Marshall Wace

Back to all Vacancies

Site Reliability Engineer (London)

Founded in 1997, Marshall Wace is one of Europe's leading Hedge Fund Managers with approximately $39 billion assets under management. It enjoys a strong reputation in the industry for its success, influence and innovation, built by a dedicated team of people working in a dynamic, entrepreneurial culture. Our firm is made up of over 250 professionals operating from established offices in London, New York and Hong Kong.

Full Description

Site Reliability Engineer

Marshall Wace is built on a culture of innovation and we build and maintain cutting edge hardware and software solutions. We are looking for an ambitious, enthusiastic and driven Site Reliability Engineer to join our global Production Engineering team in London and to help take our reliability to the next level.
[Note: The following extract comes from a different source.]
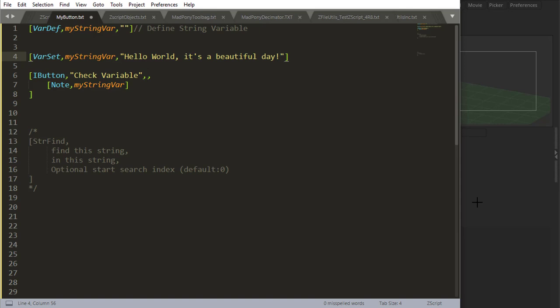Okay. So let's look at string find. String find gives you a way to evaluate strings and find a string inside of another string.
The team is focussed on an unrelenting push to improve automation, testing and monitoring of systems and processes to make our business more resilient and to enable a high velocity of change.

 Core Responsibilities

  • Standardisation of monitoring methodologies, systems, tools, libraries
  • Automation of operational processes to improve reliability and efficiency and to reduce alert fatigue
  • Owning and evolving our systems through pushing for changes that improve resilience and reliability
  • Developing and enabling development of high quality, resilient, scalable and secure systems
  • Wearing a strategic resilience and reliability hat in architecture and design discussions
  • Maintain the highest levels of systems availability – mostly proprietary applications, across the enterprise

 Key Skills

  • A passion for automation and continual improvement, with a track record of identifying high value automation opportunities
  • Intense focus on improving system availability and resilience through testing, standardisation and automation
  • Ability to build positive and collaborative relationships with colleagues across teams and geographies.
  • Broad technical knowledge and strong communication skills, credible across the full technology stack
  • Systematic and methodical approach to problem-solving and debugging
  • Knowledge of cyber security risks


The ideal candidate will have:

  • Expert level scripting / coding in Python / Ruby / Powershell / C# / Java / GO or equivalent
  • Experience implementing / using containerisation technologies Docker / Podman / Kubernetes / Openshift etc.
  • Experience using configuration management tools such as Puppet / Chef / Ansible /DSC / Terraform etc.
  • Experience implementing distributed systems such as Hadoop / Spark / Kafka / Flink etc.
  • Experience implementing centralised logging and monitoring / alerting systems such as Nagios / Sensu / Zabbix / Grafana / Kibana / Prometheus etc.